YOUR TASK: Below are the entries; give again exactly the lines from the one mentioning "- TP-Link Switch" through the one mentioning "Đầu thu nhận", inclusive.

DATASET EXTRACT:
*** Block opens ***
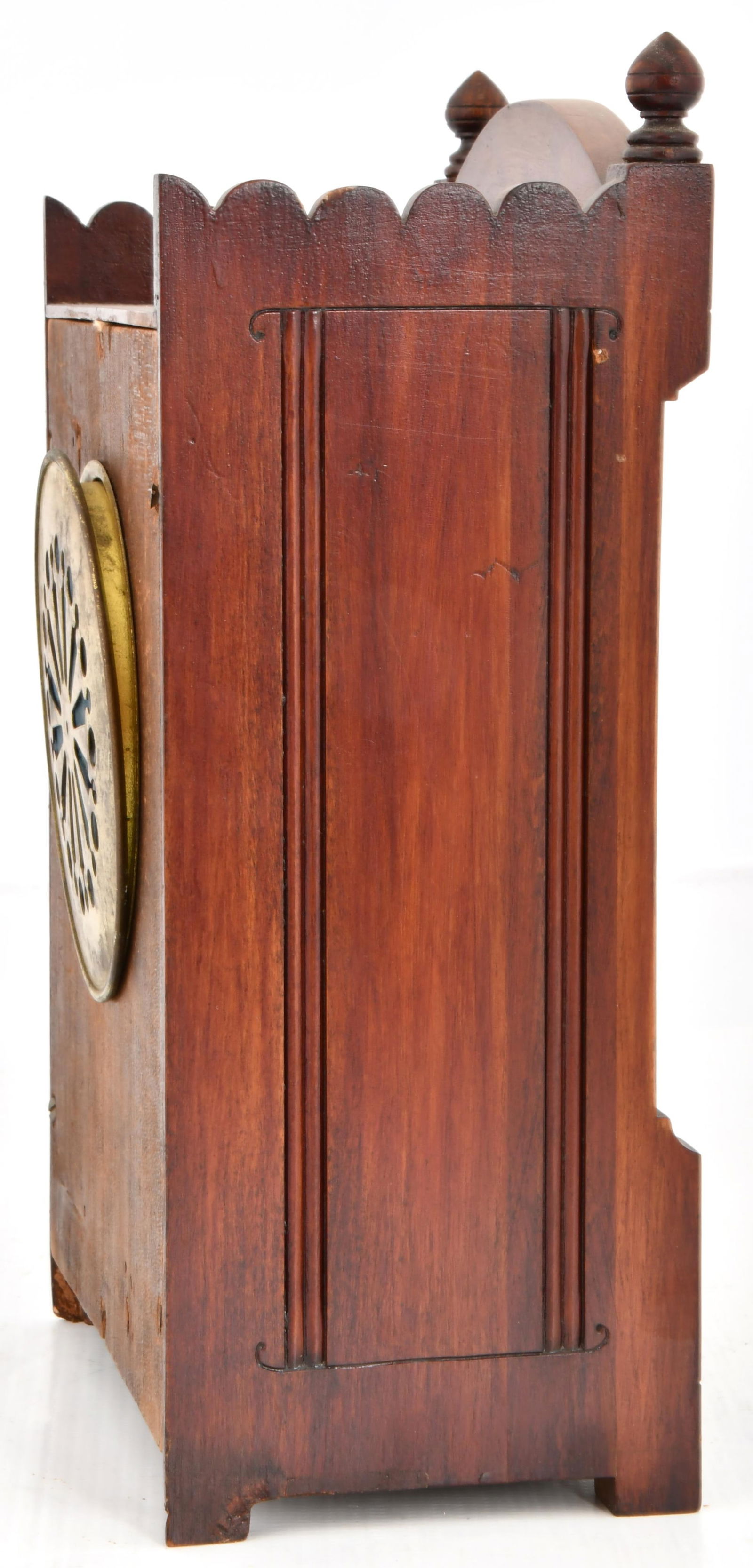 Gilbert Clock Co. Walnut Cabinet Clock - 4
*** Block closes ***
*** Block opens ***
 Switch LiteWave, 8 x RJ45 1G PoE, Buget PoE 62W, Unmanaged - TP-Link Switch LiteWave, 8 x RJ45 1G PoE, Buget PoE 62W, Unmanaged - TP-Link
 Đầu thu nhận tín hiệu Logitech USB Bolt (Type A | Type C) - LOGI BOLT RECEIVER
*** Block closes ***
OUTPUT:
 Switch LiteWave, 8 x RJ45 1G PoE, Buget PoE 62W, Unmanaged - TP-Link Switch LiteWave, 8 x RJ45 1G PoE, Buget PoE 62W, Unmanaged - TP-Link
 Đầu thu nhận tín hiệu Logitech USB Bolt (Type A | Type C) - LOGI BOLT RECEIVER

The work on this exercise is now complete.